About 20 per cent of Alberta’s economically recoverable oil sands bitumen reserves are close enough to the surface to make mining feasible. Muskeg and overburden are first removed to expose the oil sands and are stockpiled for use in reclamation. Originally, oil sands were mined using draglines to excavate the face of the formation. Bucketwheels and long conveyor belts moved the raw bitumen to on-site processing facilities.

In the 1980s, trucks and power shovels began to replace the bucketwheels and draglines and today, all bitumen mining employs the truck and shovel method.

The power shovels dig out the oil sands and load it into which trucks transport the oil sands to crushers that break up lumps and remove rocks. In a process called hydrotransport, the oil sand is mixed with water at either 35°C or 50°C, depending upon the mine, and is piped to the processing plant. During hydrotransport, the bitumen begins to separate from the sand, water and minerals.

In some operations where conveyors are still in use, the oil sand is dumped into rotating tumblers where it is slurried by steam, hot water and caustic soda and then discharged onto vibrating screens to remove rocks and lumps of clay. This slurry is then blended with material from the hydrotransport process. Some operations have eliminated the use of caustic chemicals in the bitumen extraction process, thereby enhancing the water reuse capability and reducing tailings pond size, minimizing land disturbance.

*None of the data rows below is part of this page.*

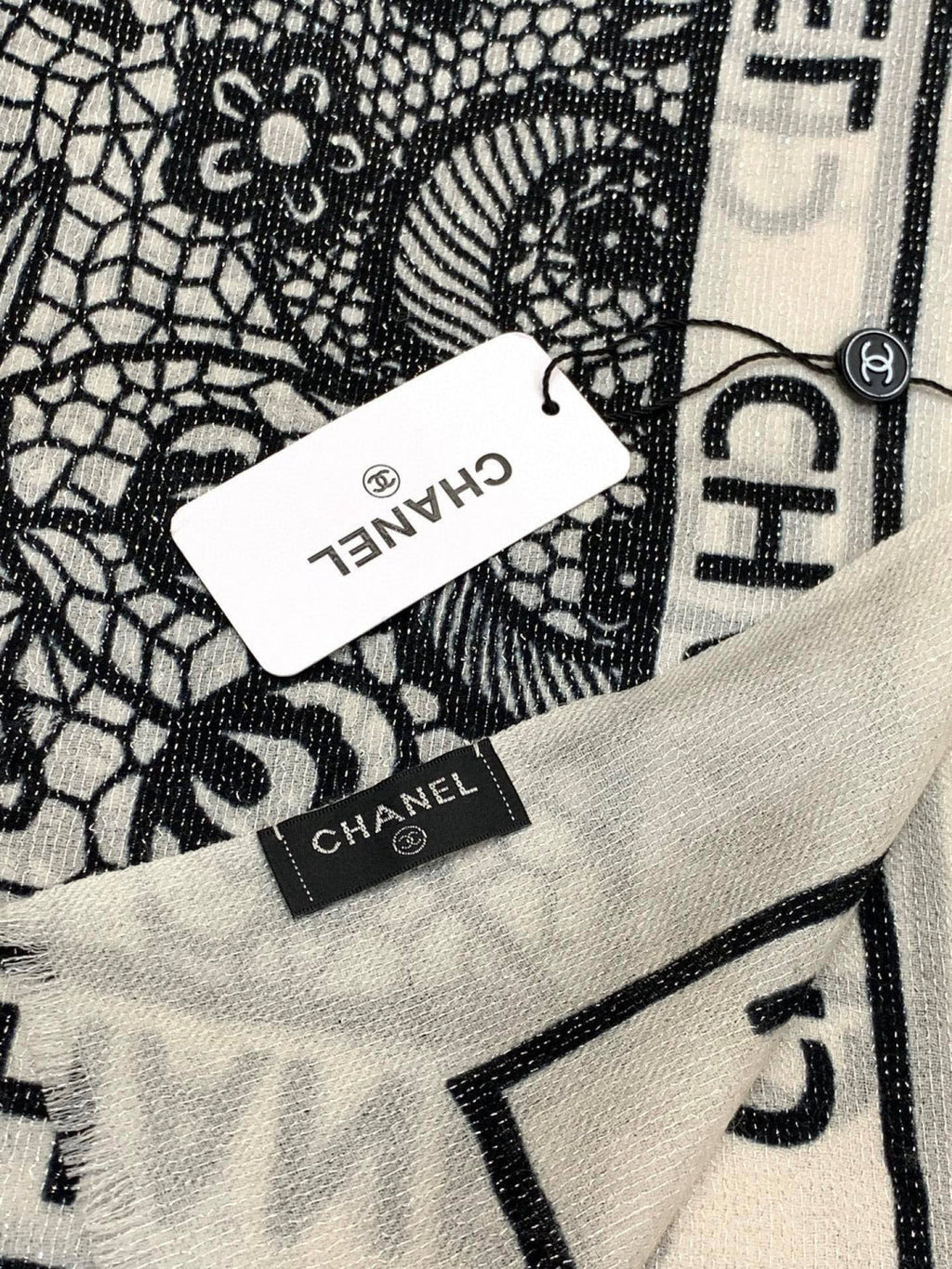 CC Double-Sided Scarf 100*200cm White Black Cashmere 153172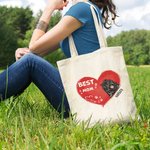 Cuore personalizzato Best Mom Canvas Tote Bag con nomi 1-3 animali domestici Regalo di compleanno per proprietari di animali domestici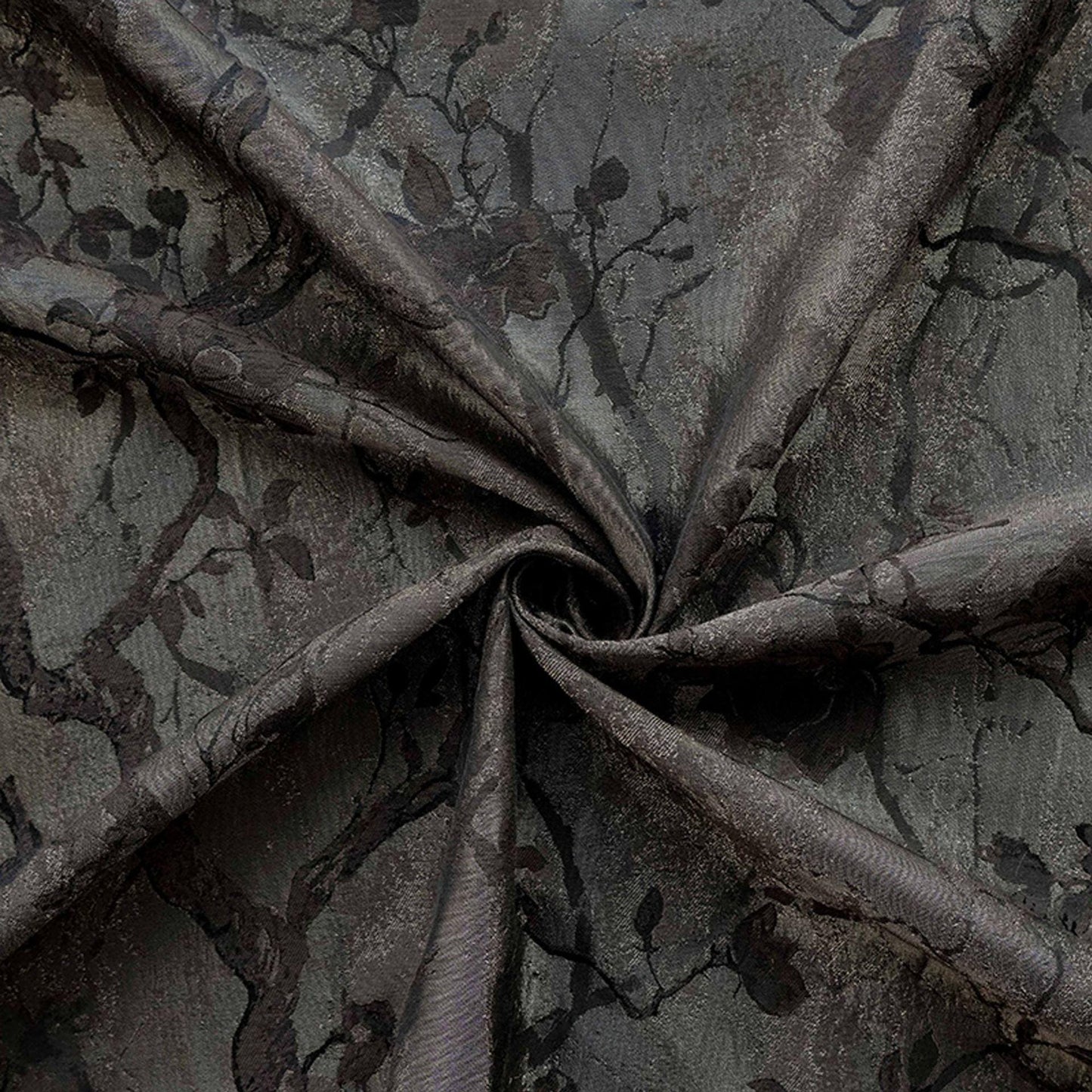 Ink Wash Floral Yarn-Dyed Fabric ��� Black Asian Botanical Quilting Fabric, Upholstery & Home Decor Textile,  62''W Designer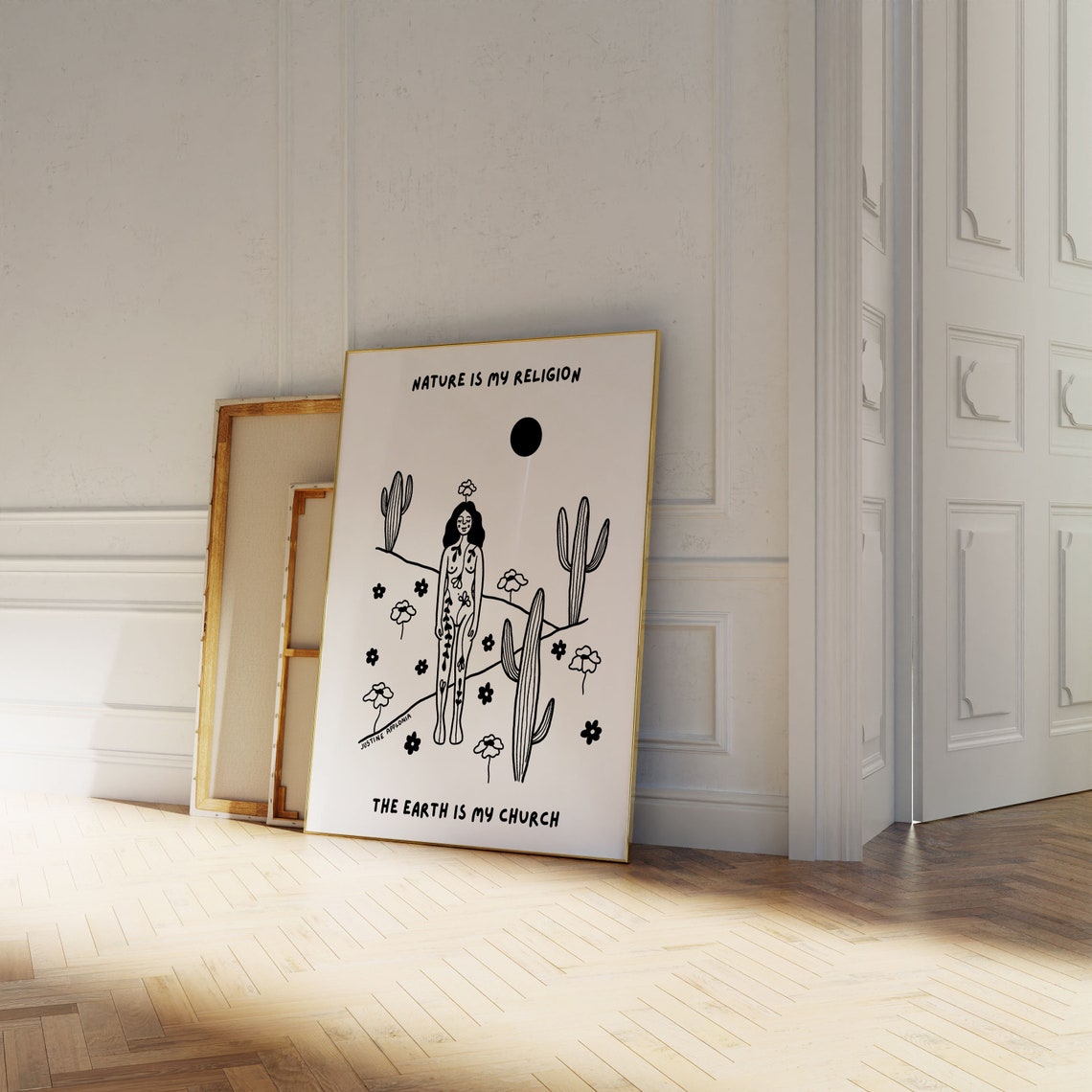 Nature Is My Religion Quote Poster Earth Church Cactus Line Art - Image 4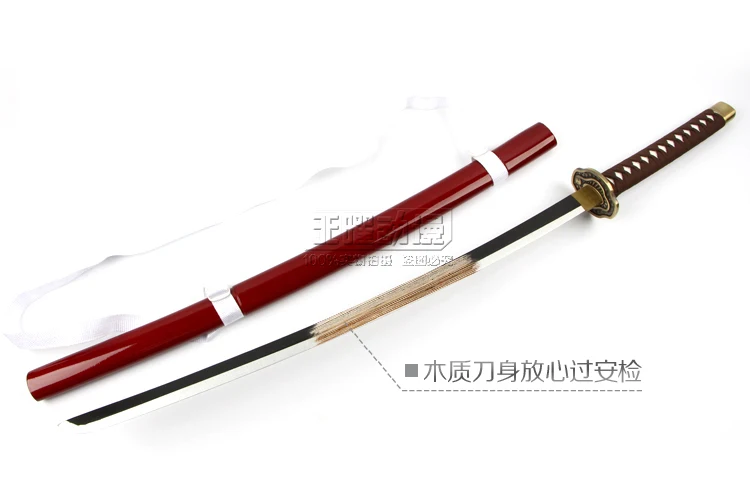 Серебряный Soul Gintama Hijikata Toushirou деревянный меч для косплея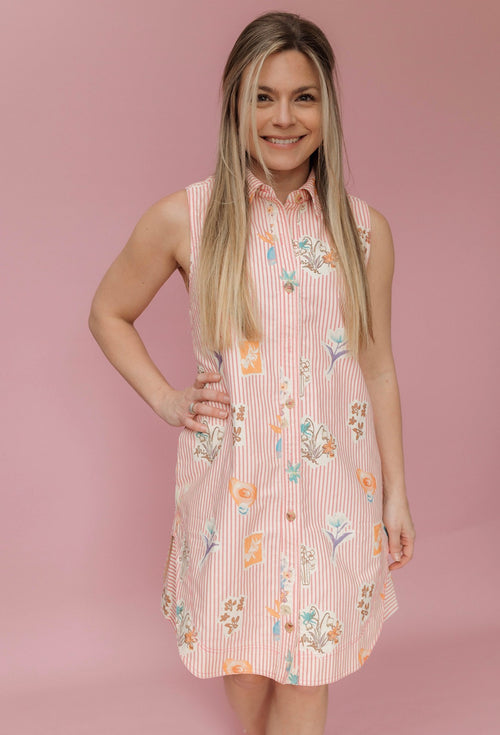 Petal Stripe Mini Dress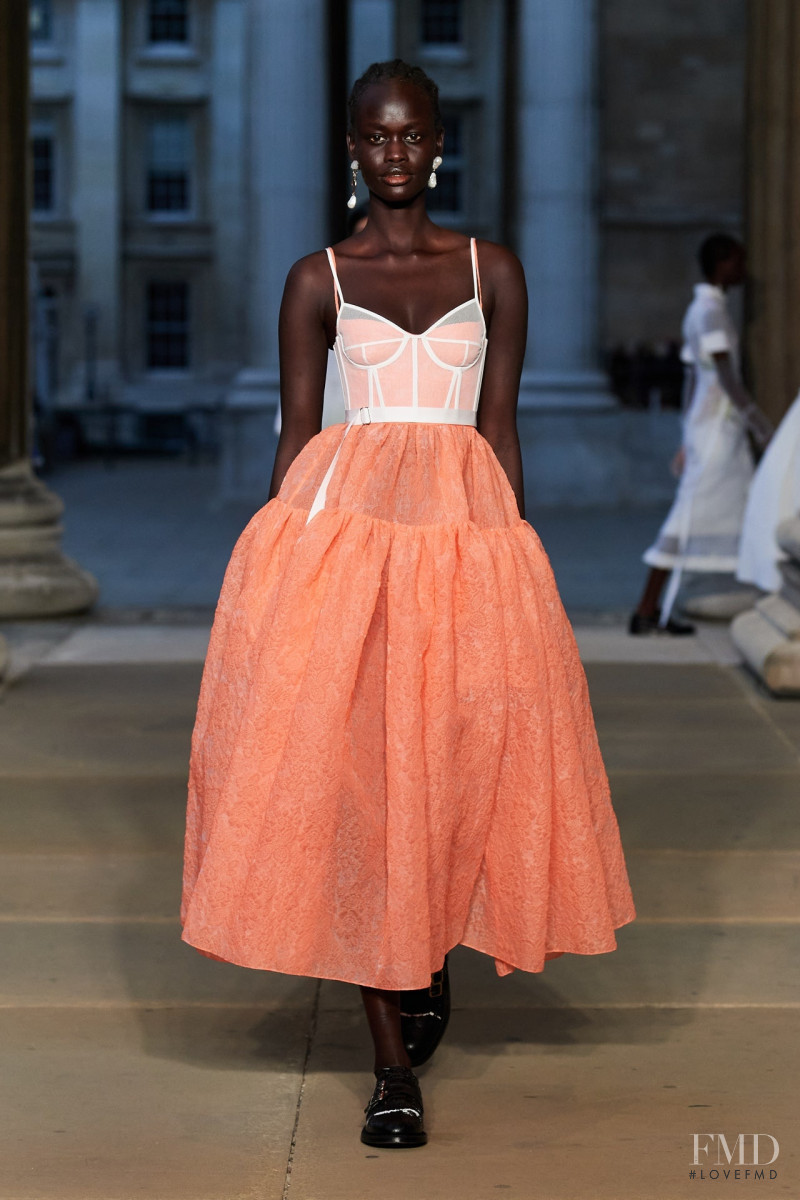 Koujayn Nyajuok Wiew featured in  the Erdem fashion show for Spring/Summer 2023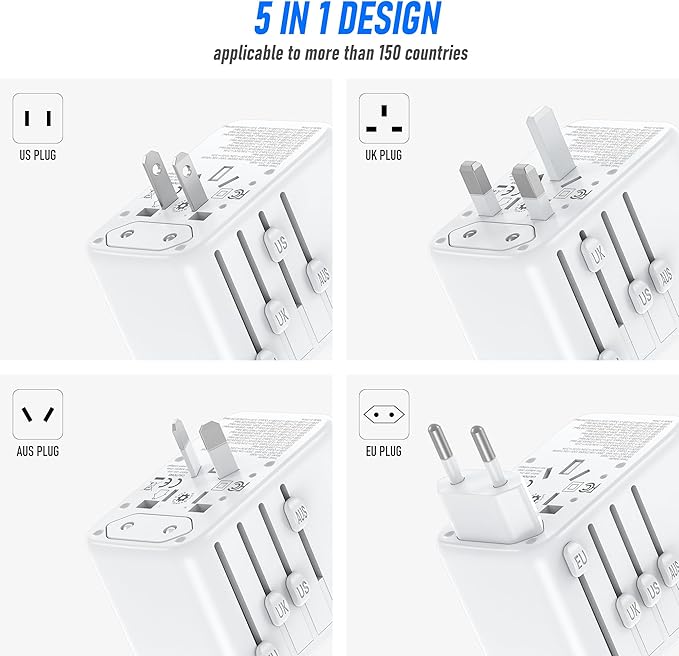 VYLEE Travel Plug Adapter, 65W Fast GaN Travel Charger, International Plug - Image 4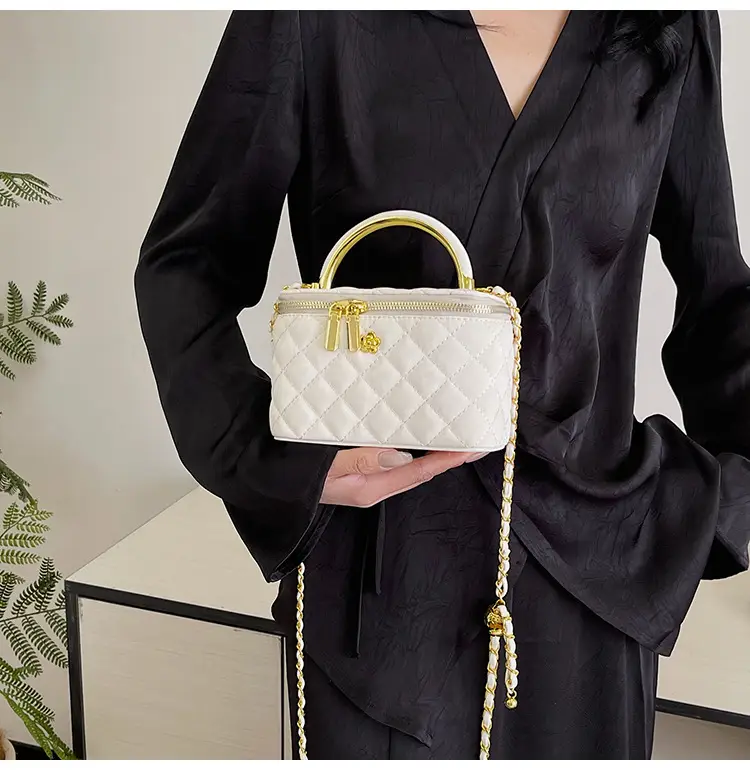 Pink Quilted Chain Shoulder Bag for Women — feature 31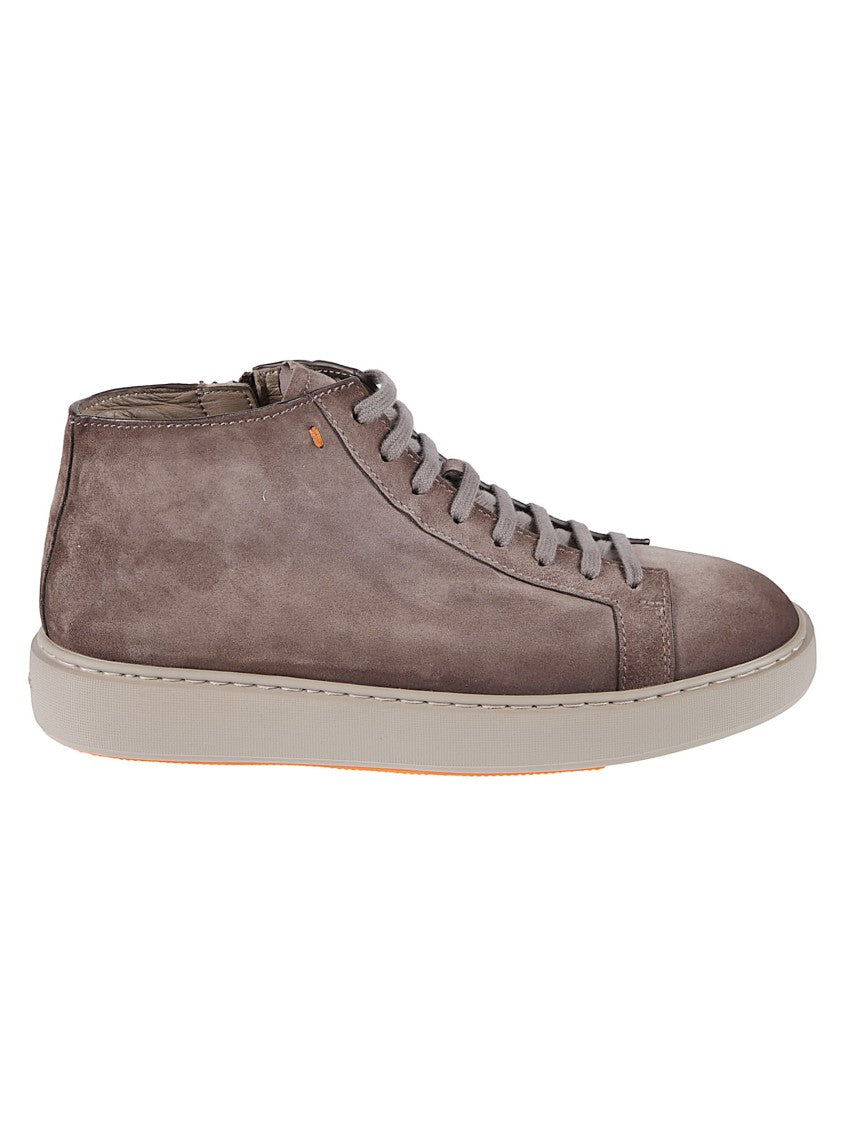 Santoni Dump High Top Calf Leather Sneakers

Separation continues at the plant where the bitumen forms a thick froth at the top of the separation vessel and the sand settles out to the bottom. Material, including water, from the middle part of the vessel is further processed to remove more bitumen, the water is recycled and the sand is used in mine site reclamation. Froth is treated using inclined plate settlers or centrifuges to remove water and solids.

A new system was tested in 2006 and is expected to make ore transportation even more efficient. A mobile crusher, connected to a slurry pipeline, is located next to the power shovel so that the ore can be dumped in directly. Trucks would still be needed to carry overburden and to reach less accessible parts of the mines, but this system could considerably reduce the trucking requirement and related air emissions.


Production recovery rates
TypeRate
Conventional light oilAverages 30 per cent
Conventional heavy oilUp to 20 per cent
*In-situ oil sands25 - 60+ per cent
Oil sands mining90+ per cent

*Recovery rates vary according to the qualities of the reservoir and the recovery method used. Bitumen recovery rates at Cold Lake, where cyclic steam stimulation technology is used, have improved from initial estimates of about 17 percent to more than 25 percent today. At the Mackay River oil sands facility, steam-assisted gravity drainage results in recovery of more than 60 per cent of the original oil in place.